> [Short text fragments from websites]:
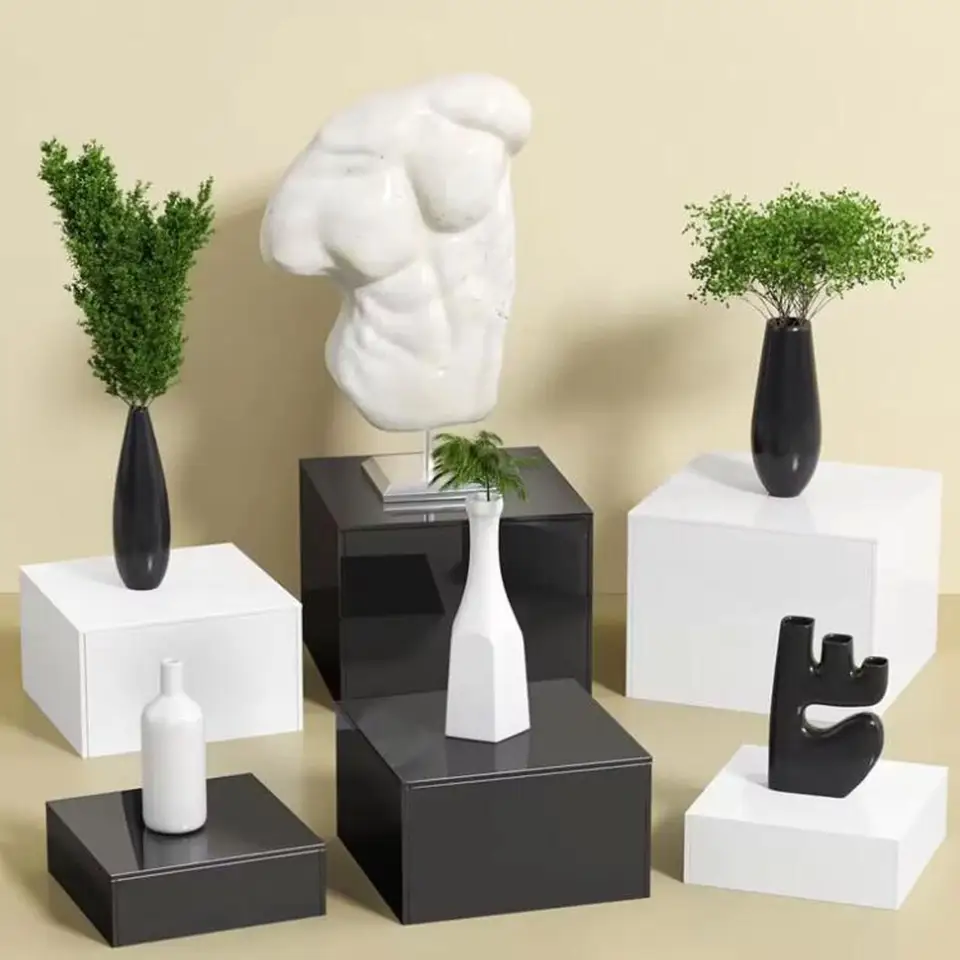 4Pcs Buffet Riser Dessert Table Display Set Acrylic Cube Display Nesting Risers Food Riser For Candy Cupcake Birthday Party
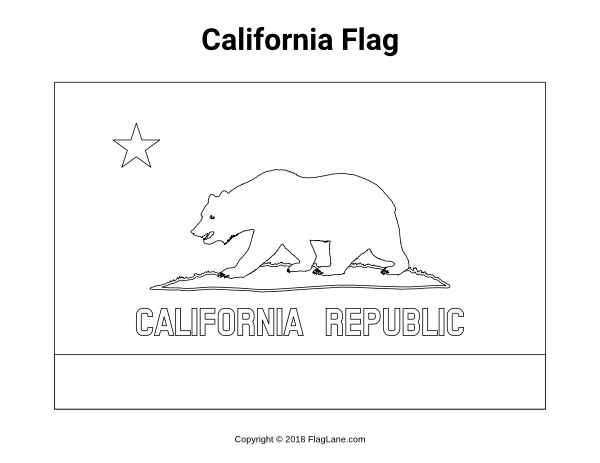 Free california flag coloring page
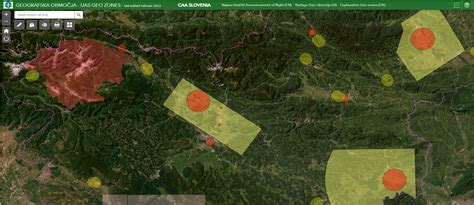 Shema: Geografska območja omejitev letenja v bližini letališč in heliportov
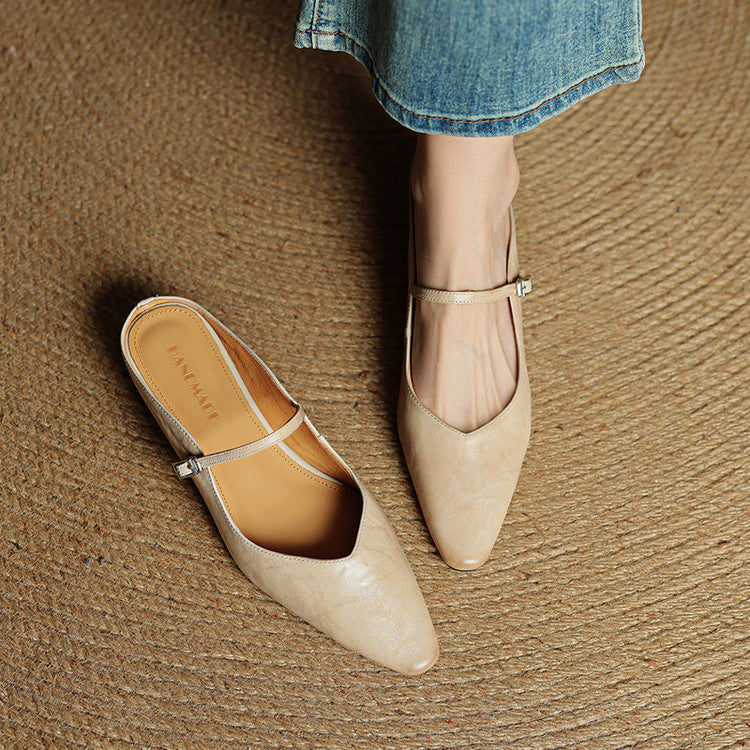 Women's Genuine Leather Slip-On Mules – Chic Everyday Comfort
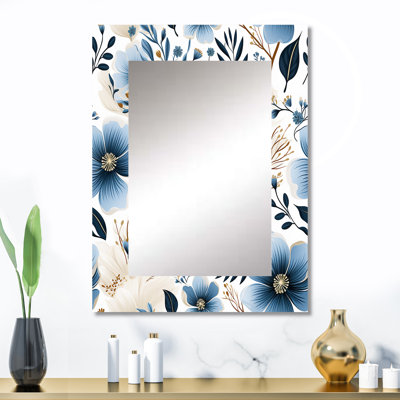 Blue & Ivory Coastal Elegance Floral Pattern - Floral Mirror Wall Decor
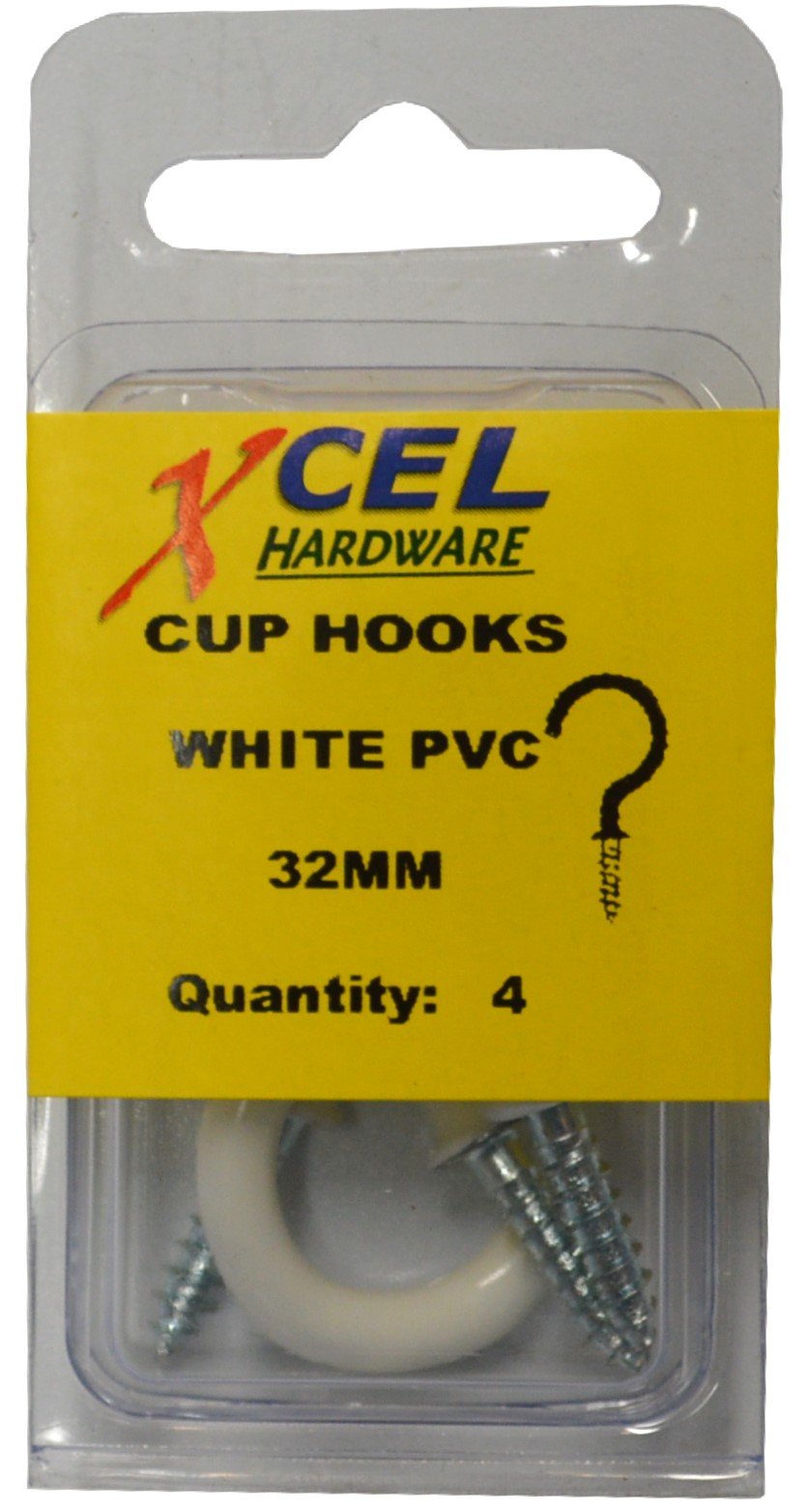 Prepax Cup Hook Round - White PVC Coated 4-pce 32mm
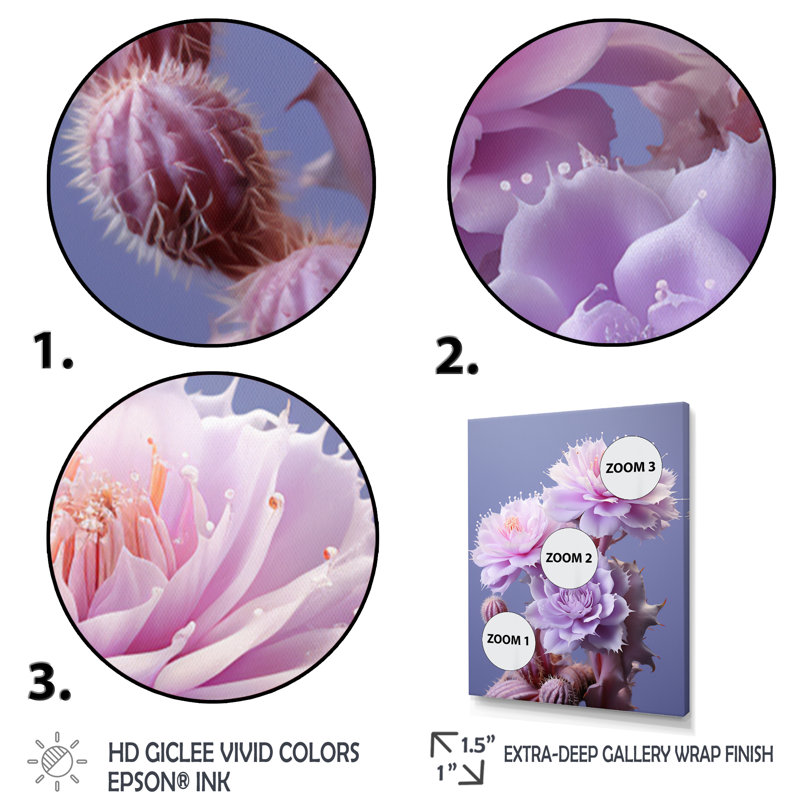 Crochet délicat subtil Torbart cactus rose II - impression, Cadre photo blanc, H 40 po x l 30 po x P 1,5 po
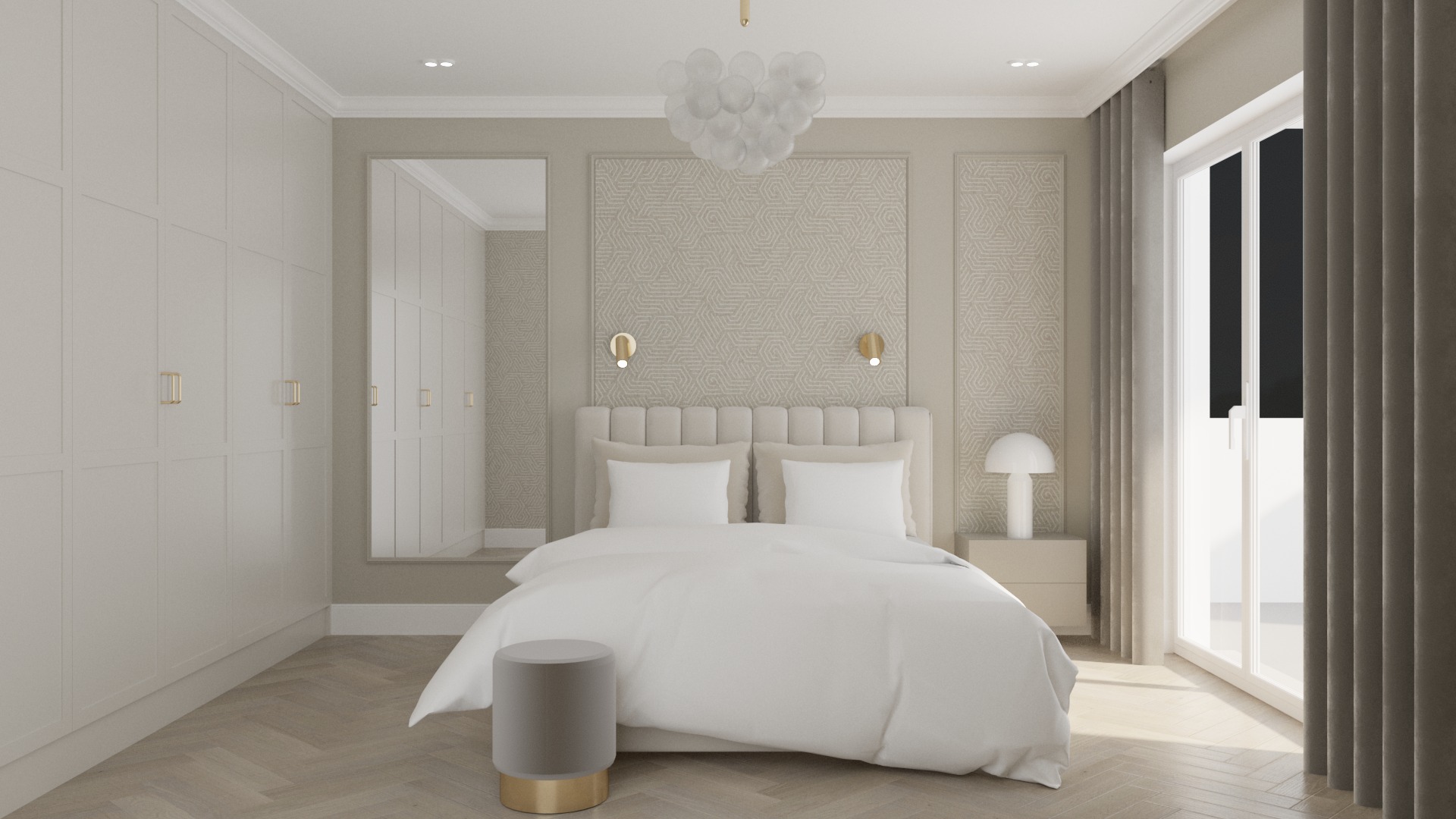 Jasna sypialnia w neutralnych barwach z parkietem w jodełkę, dużym łóżkiem z tapicerowanym wezgłowiem, szafą w zabudowie i lustrem.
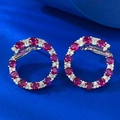 Boucles d'oreilles rondes en argent S925 avec gemmes rouges et grappes de zircons - Argent 925 / Strass Rouge (E506)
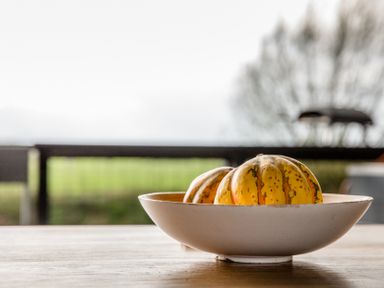 A bowl with squash on a table at The Larch House in Farndon
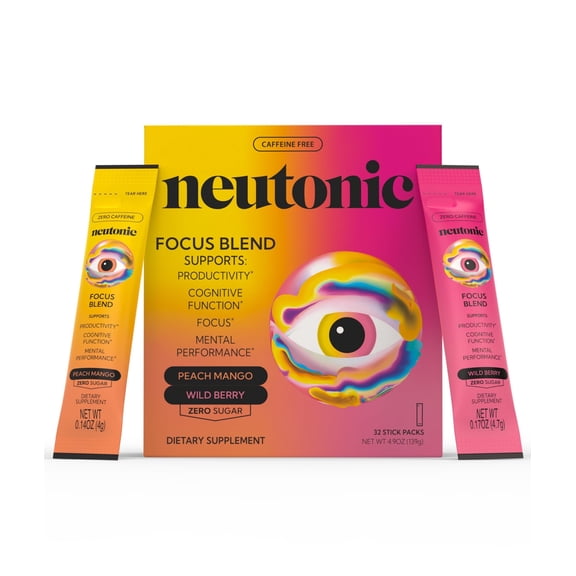 Neutonic Nootropic Focus Blend Powder | Peach Mango & Wild Berry 32 Sticks | Caffeine Free, Zero Sugar | Support Memory, Mental Clarity, Cognitive Function | Boost Focus, Energy, Brain Health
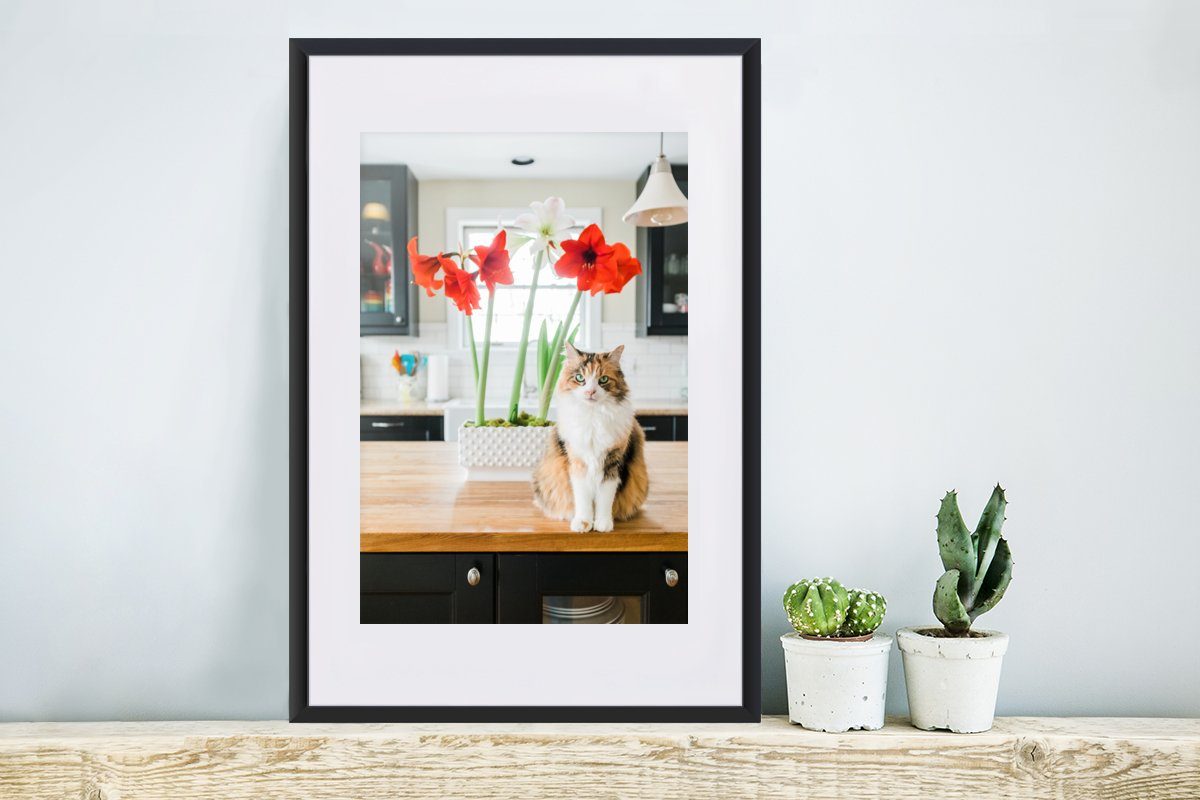 - Katze Poster mit (1 Gerahmtes Blumen - Schwarzem Rahmen, Tisch, Kunstdruck, Bilderrahmen Poster, St), MuchoWow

> [What you will do]: Repeat only what runs from the first line of the records above to the line with "Crochet délicat subtil", both included, word for word, minus the pictures.

> [Response to this task]:
 4Pcs Buffet Riser Dessert Table Display Set Acrylic Cube Display Nesting Risers Food Riser For Candy Cupcake Birthday Party
 Free california flag coloring page
 Shema: Geografska območja omejitev letenja v bližini letališč in heliportov
 Women's Genuine Leather Slip-On Mules – Chic Everyday Comfort
 Blue & Ivory Coastal Elegance Floral Pattern - Floral Mirror Wall Decor
 Prepax Cup Hook Round - White PVC Coated 4-pce 32mm
 Crochet délicat subtil Torbart cactus rose II - impression, Cadre photo blanc, H 40 po x l 30 po x P 1,5 po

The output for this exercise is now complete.